> **About this exercise**
Keeping every word in place, write out the entries that come next.

> **Supplied data**
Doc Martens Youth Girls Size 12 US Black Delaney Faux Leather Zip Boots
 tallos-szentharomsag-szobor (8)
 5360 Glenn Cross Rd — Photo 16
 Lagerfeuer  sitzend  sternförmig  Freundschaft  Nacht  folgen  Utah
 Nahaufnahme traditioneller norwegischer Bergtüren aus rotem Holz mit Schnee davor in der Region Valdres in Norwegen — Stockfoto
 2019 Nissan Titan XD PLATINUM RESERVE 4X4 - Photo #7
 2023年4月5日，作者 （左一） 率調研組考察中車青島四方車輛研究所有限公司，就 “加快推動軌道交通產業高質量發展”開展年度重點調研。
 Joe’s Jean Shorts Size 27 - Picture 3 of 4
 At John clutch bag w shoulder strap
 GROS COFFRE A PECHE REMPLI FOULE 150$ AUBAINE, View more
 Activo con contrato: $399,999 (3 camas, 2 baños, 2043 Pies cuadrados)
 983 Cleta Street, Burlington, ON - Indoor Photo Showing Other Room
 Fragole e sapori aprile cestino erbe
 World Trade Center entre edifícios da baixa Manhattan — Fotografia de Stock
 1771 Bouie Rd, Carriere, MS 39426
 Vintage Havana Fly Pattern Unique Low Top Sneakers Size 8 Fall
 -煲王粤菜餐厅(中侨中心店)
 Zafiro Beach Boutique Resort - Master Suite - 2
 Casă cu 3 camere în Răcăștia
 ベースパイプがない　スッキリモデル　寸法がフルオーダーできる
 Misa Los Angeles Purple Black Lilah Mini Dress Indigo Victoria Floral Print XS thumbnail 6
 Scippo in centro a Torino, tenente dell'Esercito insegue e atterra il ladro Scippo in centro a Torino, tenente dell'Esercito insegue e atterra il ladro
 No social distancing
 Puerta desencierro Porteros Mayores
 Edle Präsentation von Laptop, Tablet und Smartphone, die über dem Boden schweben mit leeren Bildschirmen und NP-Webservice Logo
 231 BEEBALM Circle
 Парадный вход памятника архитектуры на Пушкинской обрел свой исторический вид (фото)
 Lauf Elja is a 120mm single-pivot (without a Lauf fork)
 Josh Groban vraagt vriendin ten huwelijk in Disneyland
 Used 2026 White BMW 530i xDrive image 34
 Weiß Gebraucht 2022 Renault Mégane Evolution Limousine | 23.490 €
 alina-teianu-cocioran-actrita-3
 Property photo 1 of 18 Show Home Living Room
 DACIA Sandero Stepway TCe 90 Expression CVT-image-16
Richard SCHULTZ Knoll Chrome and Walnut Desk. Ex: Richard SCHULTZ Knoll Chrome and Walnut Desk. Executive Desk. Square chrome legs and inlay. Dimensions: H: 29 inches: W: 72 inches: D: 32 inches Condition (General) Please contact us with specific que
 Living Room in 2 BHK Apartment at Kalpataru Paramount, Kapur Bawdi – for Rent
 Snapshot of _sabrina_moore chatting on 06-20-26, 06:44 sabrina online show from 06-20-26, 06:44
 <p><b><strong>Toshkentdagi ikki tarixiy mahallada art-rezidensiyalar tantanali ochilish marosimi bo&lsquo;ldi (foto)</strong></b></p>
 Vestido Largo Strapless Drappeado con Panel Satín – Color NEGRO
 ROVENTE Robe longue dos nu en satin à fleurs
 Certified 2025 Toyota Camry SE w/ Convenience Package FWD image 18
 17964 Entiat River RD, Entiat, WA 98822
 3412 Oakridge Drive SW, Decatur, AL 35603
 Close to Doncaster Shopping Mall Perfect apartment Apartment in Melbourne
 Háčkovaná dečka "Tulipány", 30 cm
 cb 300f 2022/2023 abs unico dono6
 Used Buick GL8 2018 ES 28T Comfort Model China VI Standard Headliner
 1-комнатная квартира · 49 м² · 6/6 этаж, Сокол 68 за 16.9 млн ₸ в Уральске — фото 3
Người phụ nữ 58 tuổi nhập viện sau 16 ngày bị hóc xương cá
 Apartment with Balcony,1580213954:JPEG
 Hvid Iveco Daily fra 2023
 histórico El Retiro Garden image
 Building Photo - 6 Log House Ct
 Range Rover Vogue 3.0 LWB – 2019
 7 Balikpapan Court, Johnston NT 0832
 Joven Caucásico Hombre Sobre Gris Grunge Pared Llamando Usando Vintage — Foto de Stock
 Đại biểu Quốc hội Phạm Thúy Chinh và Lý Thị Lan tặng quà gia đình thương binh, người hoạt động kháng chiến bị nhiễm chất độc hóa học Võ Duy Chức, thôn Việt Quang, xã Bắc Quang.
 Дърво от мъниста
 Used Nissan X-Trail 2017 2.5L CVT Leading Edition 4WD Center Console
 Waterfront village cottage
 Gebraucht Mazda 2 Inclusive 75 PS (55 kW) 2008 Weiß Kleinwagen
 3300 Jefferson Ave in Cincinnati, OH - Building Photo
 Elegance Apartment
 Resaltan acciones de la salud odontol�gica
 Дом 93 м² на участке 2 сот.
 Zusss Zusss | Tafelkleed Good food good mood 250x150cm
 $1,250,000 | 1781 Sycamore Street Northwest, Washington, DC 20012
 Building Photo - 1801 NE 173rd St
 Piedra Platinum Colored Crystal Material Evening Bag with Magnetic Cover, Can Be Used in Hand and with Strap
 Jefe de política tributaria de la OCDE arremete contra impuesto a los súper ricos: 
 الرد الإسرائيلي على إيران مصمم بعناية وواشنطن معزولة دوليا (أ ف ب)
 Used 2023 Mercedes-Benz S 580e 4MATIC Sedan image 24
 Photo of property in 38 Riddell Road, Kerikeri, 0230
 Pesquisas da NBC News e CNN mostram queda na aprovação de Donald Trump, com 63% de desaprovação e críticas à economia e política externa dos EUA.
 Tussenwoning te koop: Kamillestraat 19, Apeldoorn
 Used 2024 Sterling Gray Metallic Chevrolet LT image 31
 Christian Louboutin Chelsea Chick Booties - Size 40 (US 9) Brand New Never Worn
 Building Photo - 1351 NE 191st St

> **The completed task**
Doc Martens Youth Girls Size 12 US Black Delaney Faux Leather Zip Boots
 tallos-szentharomsag-szobor (8)
 5360 Glenn Cross Rd — Photo 16
 Lagerfeuer  sitzend  sternförmig  Freundschaft  Nacht  folgen  Utah
 Nahaufnahme traditioneller norwegischer Bergtüren aus rotem Holz mit Schnee davor in der Region Valdres in Norwegen — Stockfoto
 2019 Nissan Titan XD PLATINUM RESERVE 4X4 - Photo #7
 2023年4月5日，作者 （左一） 率調研組考察中車青島四方車輛研究所有限公司，就 “加快推動軌道交通產業高質量發展”開展年度重點調研。
 Joe’s Jean Shorts Size 27 - Picture 3 of 4
 At John clutch bag w shoulder strap
 GROS COFFRE A PECHE REMPLI FOULE 150$ AUBAINE, View more
 Activo con contrato: $399,999 (3 camas, 2 baños, 2043 Pies cuadrados)
 983 Cleta Street, Burlington, ON - Indoor Photo Showing Other Room
 Fragole e sapori aprile cestino erbe
 World Trade Center entre edifícios da baixa Manhattan — Fotografia de Stock
 1771 Bouie Rd, Carriere, MS 39426
 Vintage Havana Fly Pattern Unique Low Top Sneakers Size 8 Fall
 -煲王粤菜餐厅(中侨中心店)
 Zafiro Beach Boutique Resort - Master Suite - 2
 Casă cu 3 camere în Răcăștia
 ベースパイプがない　スッキリモデル　寸法がフルオーダーできる
 Misa Los Angeles Purple Black Lilah Mini Dress Indigo Victoria Floral Print XS thumbnail 6
 Scippo in centro a Torino, tenente dell'Esercito insegue e atterra il ladro Scippo in centro a Torino, tenente dell'Esercito insegue e atterra il ladro
 No social distancing
 Puerta desencierro Porteros Mayores
 Edle Präsentation von Laptop, Tablet und Smartphone, die über dem Boden schweben mit leeren Bildschirmen und NP-Webservice Logo
 231 BEEBALM Circle
 Парадный вход памятника архитектуры на Пушкинской обрел свой исторический вид (фото)
 Lauf Elja is a 120mm single-pivot (without a Lauf fork)
 Josh Groban vraagt vriendin ten huwelijk in Disneyland
 Used 2026 White BMW 530i xDrive image 34
 Weiß Gebraucht 2022 Renault Mégane Evolution Limousine | 23.490 €
 alina-teianu-cocioran-actrita-3
 Property photo 1 of 18 Show Home Living Room
 DACIA Sandero Stepway TCe 90 Expression CVT-image-16
Richard SCHULTZ Knoll Chrome and Walnut Desk. Ex: Richard SCHULTZ Knoll Chrome and Walnut Desk. Executive Desk. Square chrome legs and inlay. Dimensions: H: 29 inches: W: 72 inches: D: 32 inches Condition (General) Please contact us with specific que
 Living Room in 2 BHK Apartment at Kalpataru Paramount, Kapur Bawdi – for Rent
 Snapshot of _sabrina_moore chatting on 06-20-26, 06:44 sabrina online show from 06-20-26, 06:44
 <p><b><strong>Toshkentdagi ikki tarixiy mahallada art-rezidensiyalar tantanali ochilish marosimi bo&lsquo;ldi (foto)</strong></b></p>
 Vestido Largo Strapless Drappeado con Panel Satín – Color NEGRO
 ROVENTE Robe longue dos nu en satin à fleurs
 Certified 2025 Toyota Camry SE w/ Convenience Package FWD image 18
 17964 Entiat River RD, Entiat, WA 98822
 3412 Oakridge Drive SW, Decatur, AL 35603
 Close to Doncaster Shopping Mall Perfect apartment Apartment in Melbourne
 Háčkovaná dečka "Tulipány", 30 cm
 cb 300f 2022/2023 abs unico dono6
 Used Buick GL8 2018 ES 28T Comfort Model China VI Standard Headliner
 1-комнатная квартира · 49 м² · 6/6 этаж, Сокол 68 за 16.9 млн ₸ в Уральске — фото 3
Người phụ nữ 58 tuổi nhập viện sau 16 ngày bị hóc xương cá
 Apartment with Balcony,1580213954:JPEG
 Hvid Iveco Daily fra 2023
 histórico El Retiro Garden image
 Building Photo - 6 Log House Ct
 Range Rover Vogue 3.0 LWB – 2019
 7 Balikpapan Court, Johnston NT 0832
 Joven Caucásico Hombre Sobre Gris Grunge Pared Llamando Usando Vintage — Foto de Stock
 Đại biểu Quốc hội Phạm Thúy Chinh và Lý Thị Lan tặng quà gia đình thương binh, người hoạt động kháng chiến bị nhiễm chất độc hóa học Võ Duy Chức, thôn Việt Quang, xã Bắc Quang.
 Дърво от мъниста
 Used Nissan X-Trail 2017 2.5L CVT Leading Edition 4WD Center Console
 Waterfront village cottage
 Gebraucht Mazda 2 Inclusive 75 PS (55 kW) 2008 Weiß Kleinwagen
 3300 Jefferson Ave in Cincinnati, OH - Building Photo
 Elegance Apartment
 Resaltan acciones de la salud odontol�gica
 Дом 93 м² на участке 2 сот.
 Zusss Zusss | Tafelkleed Good food good mood 250x150cm
 $1,250,000 | 1781 Sycamore Street Northwest, Washington, DC 20012
 Building Photo - 1801 NE 173rd St
 Piedra Platinum Colored Crystal Material Evening Bag with Magnetic Cover, Can Be Used in Hand and with Strap
 Jefe de política tributaria de la OCDE arremete contra impuesto a los súper ricos: 
 الرد الإسرائيلي على إيران مصمم بعناية وواشنطن معزولة دوليا (أ ف ب)
 Used 2023 Mercedes-Benz S 580e 4MATIC Sedan image 24
 Photo of property in 38 Riddell Road, Kerikeri, 0230
 Pesquisas da NBC News e CNN mostram queda na aprovação de Donald Trump, com 63% de desaprovação e críticas à economia e política externa dos EUA.
 Tussenwoning te koop: Kamillestraat 19, Apeldoorn
 Used 2024 Sterling Gray Metallic Chevrolet LT image 31
 Christian Louboutin Chelsea Chick Booties - Size 40 (US 9) Brand New Never Worn
 Building Photo - 1351 NE 191st St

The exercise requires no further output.